Thank you, Mark. I'm Mark's colleague here, and I've been involved in drug development for nearly 30 years. I want to emphasize that we will certainly refine and enhance our approach based on the framework provided by the FDA so far, not only for prevention but also for treatment. I believe this aligns with our understanding of remdesivir, which poses significant challenges for both healthcare providers and patients. The multiple infusions required in a very short time frame primarily limit its use to hospital settings. While PAXLOVID will remain an option, it comes with challenges related to drug interactions and limited effectiveness in eliminating viral levels compared to what a monoclonal antibody might achieve. This creates a compelling case for our product, particularly for immunocompromised patients who have numerous health issues and are often on several medications that could interact negatively with existing treatments.

One moment for our next question. Thank you. Our next question comes from the line of Michael Yee of Jefferies.

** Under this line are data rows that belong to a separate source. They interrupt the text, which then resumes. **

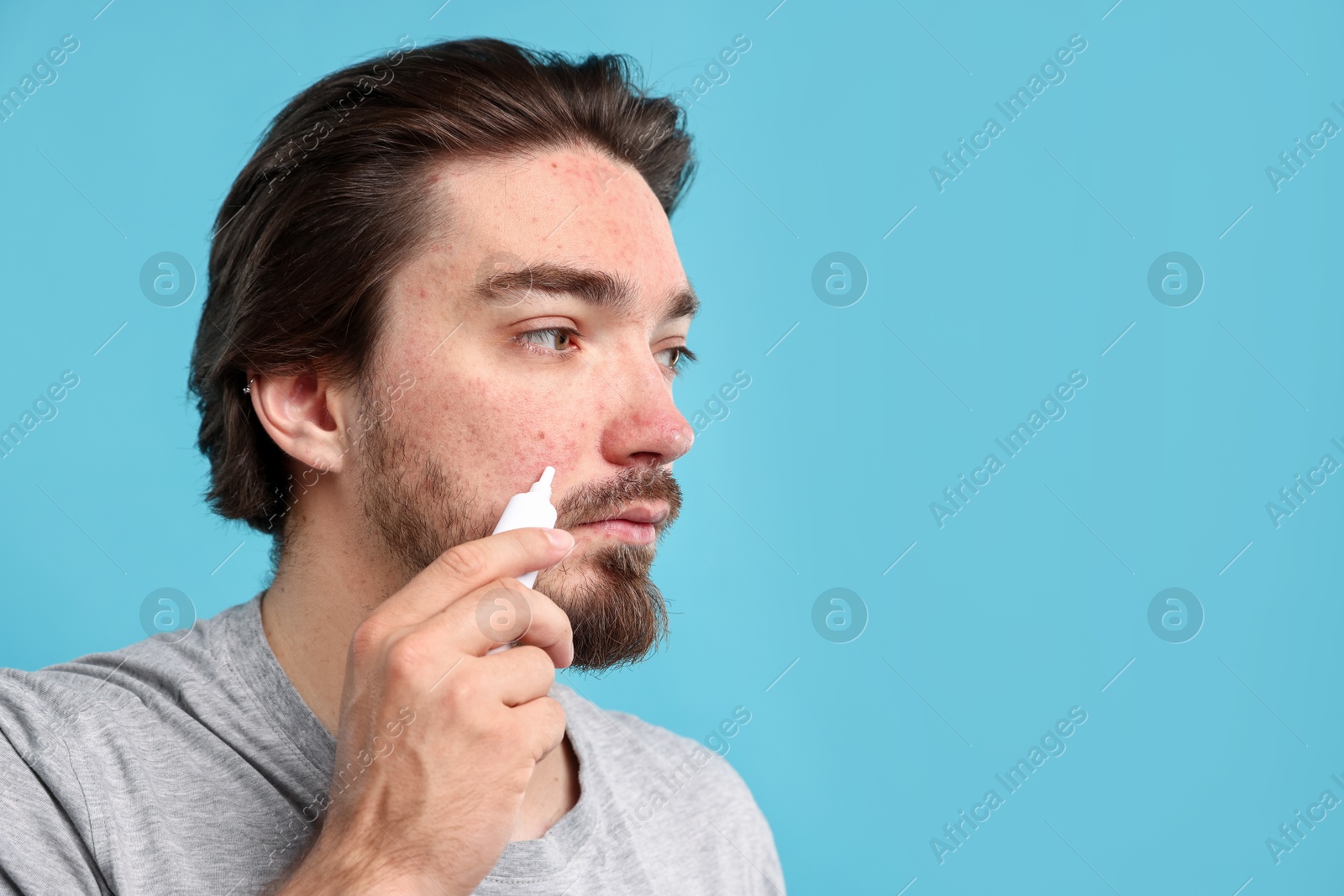 Young man with acne problem applying cream onto his face on light blue background, space for text Photo of Young man with acne problem applying cream onto his face on light blue background, space for text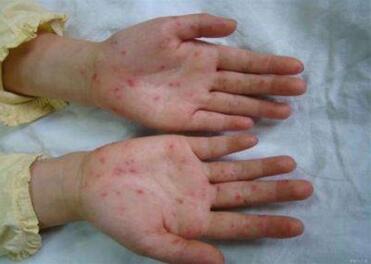 手足口病初期症状图 教你辨别手足口病潜伏期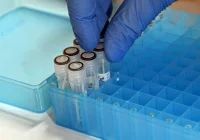 Raport: od 8 do 14 września 29 tys. zakażeń, zmarło 105 osób z COVID-19 - zdjęcie główne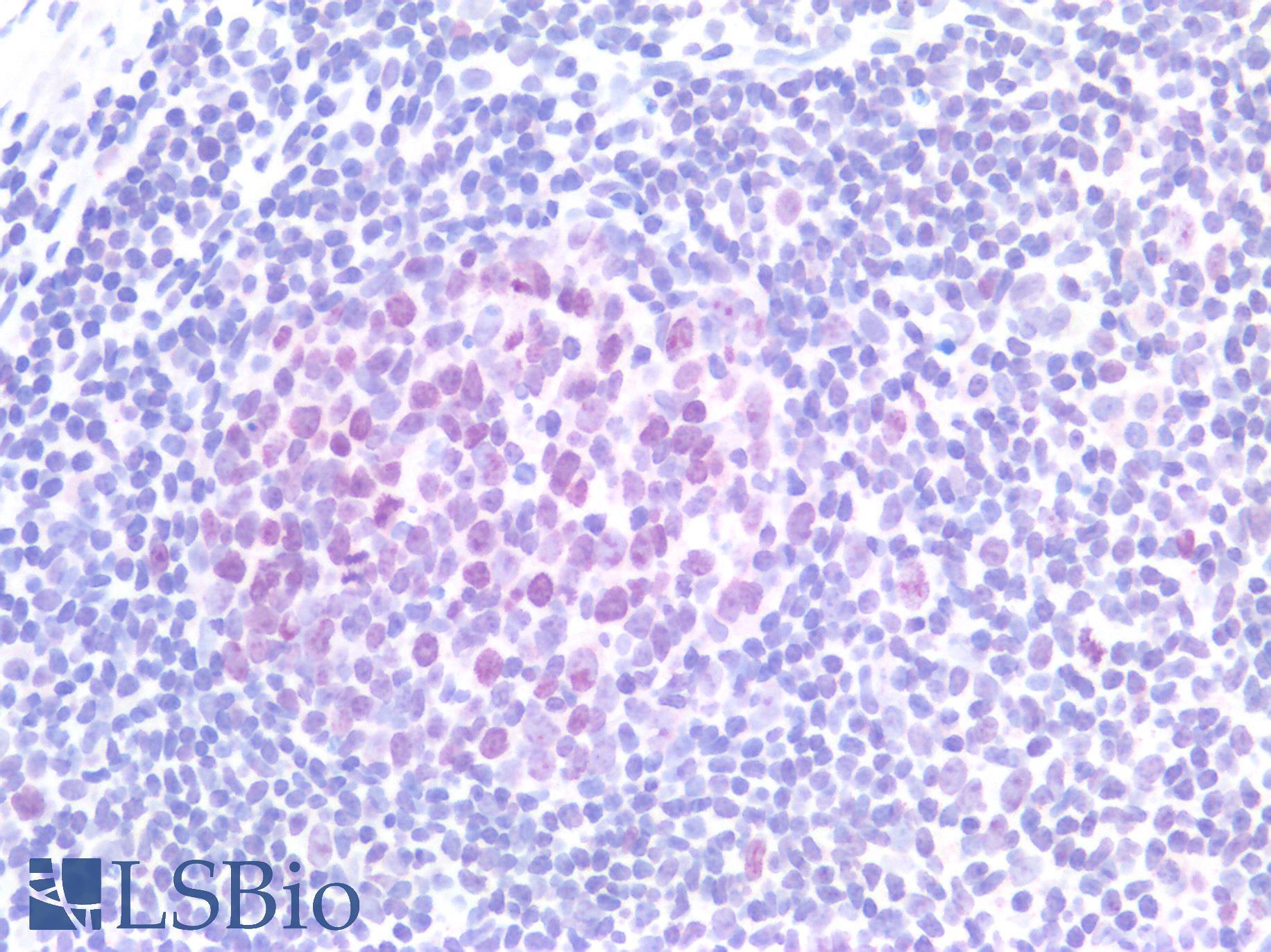 TOP2A / Topoisomerase II Alpha Antibody - Human Tonsil: Formalin-Fixed, Paraffin-Embedded (FFPE)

This is Jenna on for Mike. Our question is on what magnitude of orders or potential orders are you seeing right now, when are they coming? Have you shipped anything? And when would you start booking sales?

Thanks for the question. We have made some very preliminary disclosures in prior press releases that I'll ask you to take a read through one last time. But at this point, we're not going to go into any incremental detail. This is the early phase of the launch. It is very quickly going to be the middle phase of the launch. As we look forward to the summer and then the fall, we're obviously going to be in a position to give you some feedback and some information that is useful to you right? At this point, I think it's a little bit early, although we over here are quite encouraged. I don't know that anything we could respond to you with today would be particularly informative as it goes to understanding how the balance of the year is likely to play out. So stay tuned, and we are looking forward just as you are to getting into more of that detail as the launch progresses.

I am showing no further questions at this time. I would now like to turn it back to Marc Elia, Chairman of Invivyd's Board of Directors and Chairman of the Executive Committee of the Board for closing remarks.

Thank you, and thanks to all of you for joining the call today and for your interest in Invivyd.

Thank you for your participation in today's conference. This does conclude the program. You may now disconnect.